3. Nem toda novidade é nova: candidatos kamikaze como Dória, em São Paulo, e Kalil, em BH mostram que a
novidade pode vir travestida do que há de mais conservador e retrógrado. Os discursos apolíticos são altamente políticos. Ademais, observamos também alterações expressivas em algumas câmaras de vereadores com o
incremento das bancadas evangélica, policial e de lideranças sociais com trabalho
assistencialista.

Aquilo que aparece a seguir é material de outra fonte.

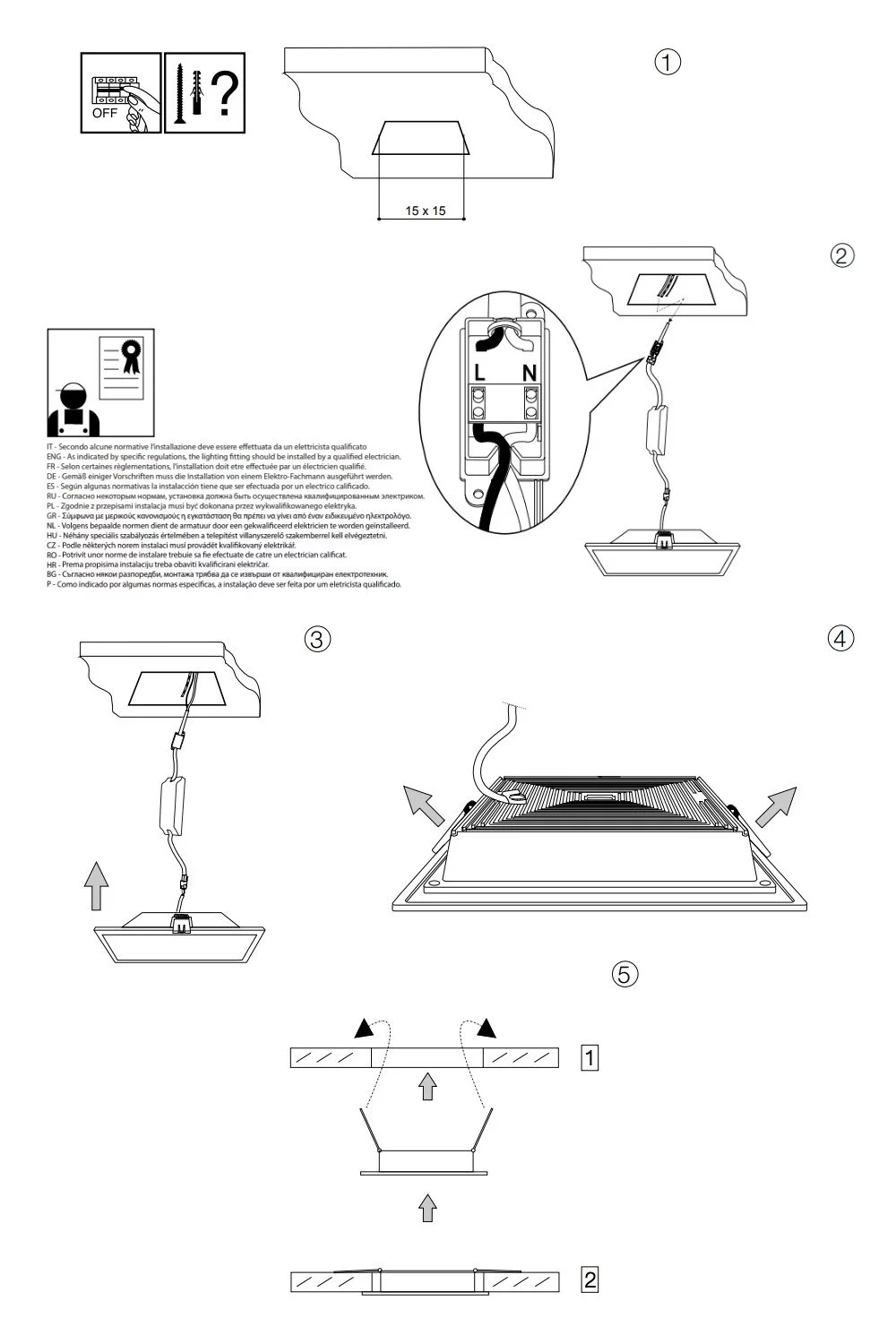   
                        
                        Точечный светильник IDEAL LUX (Италия) 94257    
                         в стиле Модерн.  
                        Тип источника света: встроенный led-модуль, несъемный.                         Форма: Квадрат.                         Цвета плафонов и подвесок: Белый.                         Материал: Пластик.                          фото 4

Ou seja, às vezes, a novidade é muito velha.
3.1. Marcelo Freixo, no Rio, não
deixa de ser novidade à medida que o PSOL nunca participou ativamente do sistema
político tradicional; sempre foi alijado, inclusive por setores da esquerda.
Porém, na disputa com o bispo da Universal (que provavelmente aglutinará todo o
segmento conservador do Rio) teremos a prova dos noves da força catalisadora em
torno da aliança entre os segmentos de esquerda na Cidade Maravilhosa.

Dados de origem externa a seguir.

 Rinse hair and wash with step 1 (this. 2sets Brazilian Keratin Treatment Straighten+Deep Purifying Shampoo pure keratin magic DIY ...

4. Os ideais da esquerda são muito maiores que os partidos de esquerda: é
preciso registrar que os ideais e os militantes das esquerdas não se enquadram
nos partidos que representam esse campo. Portanto, avalio que não há uma
derrota das esquerdas, mas uma derrota dos partidos de esquerda. Isso significa
que, ou esses partidos se reciclam e voltam às bases ou essa fragmentação e
falta de representatividade institucional do campo levará ao recrudescimento da
direita. Há que se reconhecer: a direita é muito mais tática e estratégica na
disputa pelo poder e conta, sempre, com poderosos aliados no empresariado, na
mídia, nos sistemas judicial e policial e na classe média tradicional.
5. A classe média, por mais que a critiquemos, é sempre o fiel da
balança nas disputas eleitorais e, mais amplamente, nas disputas pelo poder. Além
de (de)formadora da opinião pública, comparece às urnas e têm alto poder de vocalização de
suas demandas. Por isso, é tão mimada pela direita tradicional. Qualquer
mudança mais substantiva no sistema político (como ocorreu em 2013 com a eleição de Lula) passa pela classe média que se
encontra dividida: o segmento tradicional e conservador altamente coeso foi o
grande vencedor desse pleito; o segmento progressista encontra-se bastante
esfacelado e sem grandes perspectivas. Se os partidos de esquerda pretendem
retomar algum protagonismo político há, pelo menos, dois caminhos: refundação e diálogo com os
segmentos progressistas da classe média.
6. O Texas à brasileira e as eleições 2018: nessas eleições, todos os
caciques políticos - de todos os matizes, inclusos aqueles das grandes
plumagens – estavam interessados à disputa que ocorrerá daqui a dois anos.
Nesse sentido, o grande vitorioso é Geraldo Alckmin que não somente emplacou um
playboy, transformado em mocinho, como também fragilizou por demais o PT em
todo o estado, inclusive no seu berço, o ABC paulista. Assim como o Texas é um
estado republicano, rico e conservador, nas suas raízes, São Paulo, guardando as devidas proporções, se transforma numa espécie de Texas à brasileira. E aquele
que era chamado de “picolé de chuchu” se credencia para disputar, com força, as
eleições presidenciais.
6.1. As disputas que se iniciarão
dentro do PSDB, por um lado, e da base aliada do governo, por outro, com vistas
às eleições de 2018 poderão aprofundar ainda mais o quadro de instabilidade
institucional, apesar da aparente normalidade. Se somarmos a insatisfação dos
cidadãos – devido ao aprofundamento da crise econômica e o avanço das pautas
retrógradas no Congresso -, com eventuais desfechos da operação lava-jato, cada
vez mais policialesca e inquisitorial, teremos ingredientes a detonarem uma
crise ainda mais severa, com resultados imprevisíveis.
7. Sobre as velhas raposas: excluindo Alckmin, de uma maneira geral as elites
partidárias foram solenemente apartadas do protagonismo dessas eleições. Em
muitos casos, sequer apareceram nos programas eleitorais dos candidatos de seus
partidos. Mas, não nos enganemos: nos bastidores, essas elites continuam dando
as cartas e definindo os rumos das agremiações. As raposas sabem que a política
de bastidor, em boa medida, define o processo político.